Performance Metrics
PLX Technology, Inc.
8.5
Latency
8.5.1
Queuing Effect
In switches with large internal buffers, the latency increases once internal queuing is developed. The
packet at the end of an egress VC&T queue does not transmit until all packets in front of it are
transmitted. Assume the egress RAM of a x4 port is packed with packets of the same VC&T, draining
the entire egress RAM takes 2,560 clocks (512 beats x 20B per beat / 4B/clock). Worst-case packet
latency can be as long as 10 µs.
To overcome the queuing effect, attempt the following:
• Avoid creating hot spots. In particular, ensure that the upstream port width in a host-centric
application matches the sum width of all active downstream ports. Otherwise, the upstream port
can easily become a hot spot when all downstream ports are attempting to transmit packets to it.

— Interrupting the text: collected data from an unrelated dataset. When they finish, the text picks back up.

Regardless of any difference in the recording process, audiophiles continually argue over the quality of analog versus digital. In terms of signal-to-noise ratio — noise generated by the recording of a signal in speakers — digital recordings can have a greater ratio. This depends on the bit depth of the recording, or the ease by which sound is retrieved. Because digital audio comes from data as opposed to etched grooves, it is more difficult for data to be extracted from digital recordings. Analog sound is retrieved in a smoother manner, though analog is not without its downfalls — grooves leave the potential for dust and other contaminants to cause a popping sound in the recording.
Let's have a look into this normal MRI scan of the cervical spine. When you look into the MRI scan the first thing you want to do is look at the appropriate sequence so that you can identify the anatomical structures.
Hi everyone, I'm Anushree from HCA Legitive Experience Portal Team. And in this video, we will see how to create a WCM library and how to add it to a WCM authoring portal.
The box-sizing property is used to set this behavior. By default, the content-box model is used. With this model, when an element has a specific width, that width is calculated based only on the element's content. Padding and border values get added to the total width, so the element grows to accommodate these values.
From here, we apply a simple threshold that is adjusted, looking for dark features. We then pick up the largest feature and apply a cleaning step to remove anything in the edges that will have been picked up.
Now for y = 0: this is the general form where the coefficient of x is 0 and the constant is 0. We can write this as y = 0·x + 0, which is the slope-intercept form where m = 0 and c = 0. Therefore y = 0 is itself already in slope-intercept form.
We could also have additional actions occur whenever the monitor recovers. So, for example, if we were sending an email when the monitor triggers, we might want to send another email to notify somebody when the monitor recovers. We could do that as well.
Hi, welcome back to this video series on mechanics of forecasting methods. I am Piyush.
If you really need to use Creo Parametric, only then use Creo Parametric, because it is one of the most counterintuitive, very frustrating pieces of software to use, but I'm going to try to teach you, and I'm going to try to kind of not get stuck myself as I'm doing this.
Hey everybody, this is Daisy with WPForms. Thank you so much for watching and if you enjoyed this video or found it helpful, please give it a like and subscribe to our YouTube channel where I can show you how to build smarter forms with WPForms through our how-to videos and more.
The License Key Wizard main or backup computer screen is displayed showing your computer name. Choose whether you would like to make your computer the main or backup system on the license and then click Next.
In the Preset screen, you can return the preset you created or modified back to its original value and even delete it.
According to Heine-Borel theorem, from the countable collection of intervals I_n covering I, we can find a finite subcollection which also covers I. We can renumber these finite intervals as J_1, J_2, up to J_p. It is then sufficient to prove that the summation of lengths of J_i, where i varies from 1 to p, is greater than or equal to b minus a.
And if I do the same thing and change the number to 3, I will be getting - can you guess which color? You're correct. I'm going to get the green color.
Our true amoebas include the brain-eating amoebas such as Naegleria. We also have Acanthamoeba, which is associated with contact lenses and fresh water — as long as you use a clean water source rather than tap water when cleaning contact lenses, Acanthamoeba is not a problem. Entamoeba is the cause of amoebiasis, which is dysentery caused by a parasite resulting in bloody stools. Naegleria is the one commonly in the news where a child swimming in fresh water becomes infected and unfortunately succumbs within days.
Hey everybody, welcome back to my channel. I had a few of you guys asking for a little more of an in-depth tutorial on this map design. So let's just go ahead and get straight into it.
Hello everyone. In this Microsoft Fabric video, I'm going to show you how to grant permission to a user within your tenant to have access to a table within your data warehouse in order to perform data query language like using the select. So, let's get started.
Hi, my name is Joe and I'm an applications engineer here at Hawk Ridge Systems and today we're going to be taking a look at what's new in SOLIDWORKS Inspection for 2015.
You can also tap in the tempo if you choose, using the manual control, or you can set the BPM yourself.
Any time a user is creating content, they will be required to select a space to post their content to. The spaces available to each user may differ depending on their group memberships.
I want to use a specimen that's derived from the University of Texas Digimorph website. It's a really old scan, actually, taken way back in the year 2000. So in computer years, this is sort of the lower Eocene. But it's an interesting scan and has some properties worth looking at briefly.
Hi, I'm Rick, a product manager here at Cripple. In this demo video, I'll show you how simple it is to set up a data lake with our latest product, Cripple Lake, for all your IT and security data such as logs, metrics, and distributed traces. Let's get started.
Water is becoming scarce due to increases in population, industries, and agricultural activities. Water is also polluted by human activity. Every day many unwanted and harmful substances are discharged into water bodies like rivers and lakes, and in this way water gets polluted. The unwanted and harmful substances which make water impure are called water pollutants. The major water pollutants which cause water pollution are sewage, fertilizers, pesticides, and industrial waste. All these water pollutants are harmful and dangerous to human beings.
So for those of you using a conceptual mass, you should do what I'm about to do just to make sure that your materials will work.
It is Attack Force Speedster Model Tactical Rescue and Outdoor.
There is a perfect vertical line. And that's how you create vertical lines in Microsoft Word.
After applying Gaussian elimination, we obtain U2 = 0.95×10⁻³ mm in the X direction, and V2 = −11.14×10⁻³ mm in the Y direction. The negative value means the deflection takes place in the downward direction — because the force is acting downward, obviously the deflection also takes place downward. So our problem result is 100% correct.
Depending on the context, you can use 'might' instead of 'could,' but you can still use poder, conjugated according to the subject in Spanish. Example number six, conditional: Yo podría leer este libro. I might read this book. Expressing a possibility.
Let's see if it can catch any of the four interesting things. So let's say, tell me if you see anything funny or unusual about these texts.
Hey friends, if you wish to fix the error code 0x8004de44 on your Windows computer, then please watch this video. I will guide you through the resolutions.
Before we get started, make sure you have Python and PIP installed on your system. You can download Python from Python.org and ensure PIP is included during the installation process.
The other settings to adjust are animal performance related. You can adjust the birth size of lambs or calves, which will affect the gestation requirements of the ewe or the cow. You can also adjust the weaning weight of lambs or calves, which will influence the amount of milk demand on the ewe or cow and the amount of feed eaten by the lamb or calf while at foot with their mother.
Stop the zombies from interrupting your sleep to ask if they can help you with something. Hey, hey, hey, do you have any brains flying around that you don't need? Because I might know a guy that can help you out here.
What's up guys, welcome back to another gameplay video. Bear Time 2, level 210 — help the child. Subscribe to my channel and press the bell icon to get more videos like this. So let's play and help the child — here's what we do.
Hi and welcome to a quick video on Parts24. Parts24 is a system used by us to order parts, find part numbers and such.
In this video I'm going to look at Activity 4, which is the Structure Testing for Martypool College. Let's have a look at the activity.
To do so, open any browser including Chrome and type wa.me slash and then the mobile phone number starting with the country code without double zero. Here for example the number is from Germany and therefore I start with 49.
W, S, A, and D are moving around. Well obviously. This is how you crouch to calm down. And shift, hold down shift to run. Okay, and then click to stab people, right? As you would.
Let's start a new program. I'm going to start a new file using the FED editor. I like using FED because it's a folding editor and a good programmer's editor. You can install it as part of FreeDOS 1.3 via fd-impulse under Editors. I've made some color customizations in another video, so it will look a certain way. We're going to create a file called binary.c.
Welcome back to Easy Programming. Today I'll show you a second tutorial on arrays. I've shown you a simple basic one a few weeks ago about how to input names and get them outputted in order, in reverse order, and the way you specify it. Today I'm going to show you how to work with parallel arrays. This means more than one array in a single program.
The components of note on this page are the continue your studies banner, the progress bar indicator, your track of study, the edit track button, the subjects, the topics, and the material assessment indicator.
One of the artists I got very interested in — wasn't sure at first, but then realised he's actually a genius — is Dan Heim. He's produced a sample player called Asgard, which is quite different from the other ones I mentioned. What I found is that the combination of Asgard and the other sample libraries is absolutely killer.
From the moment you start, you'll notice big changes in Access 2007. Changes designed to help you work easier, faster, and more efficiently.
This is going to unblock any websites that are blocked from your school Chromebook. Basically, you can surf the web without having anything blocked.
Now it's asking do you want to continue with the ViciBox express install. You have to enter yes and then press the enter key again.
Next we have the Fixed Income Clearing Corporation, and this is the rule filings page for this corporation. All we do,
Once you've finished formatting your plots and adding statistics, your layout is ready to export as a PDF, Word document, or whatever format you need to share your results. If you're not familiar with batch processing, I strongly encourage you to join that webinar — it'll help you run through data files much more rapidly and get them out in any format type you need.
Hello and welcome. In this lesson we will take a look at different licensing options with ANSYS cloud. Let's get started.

• Program a small Egress queue packet upper and lower limit, to avoid packet accumulation in an
egress port. Section 8.3.2.4 describes how to program these thresholds. Lower latency is achieved
at the cost of reducing the PEX 8532’s capability to buffer transient congestion.
• Reduce traffic load. Lighter traffic is less likely to experience congestion and can drain relatively
faster, as the egress links can drain at the full link rate.
8.5.2
Time Division Multiplex Effect
As previously illustrated, the PEX 8532 source station employs port-to-station aggregation, and the
destination station employs station-to-port de-aggregation. Time Division Multiplex (TDM) controls
aggregation and de-aggregation. Usually, waiting for a proper TDM slot to process packet coming from
or going to a particular port increases the latency. The wider the port, the more TDM slots that port
owns; therefore, the less latency contributed by TDM.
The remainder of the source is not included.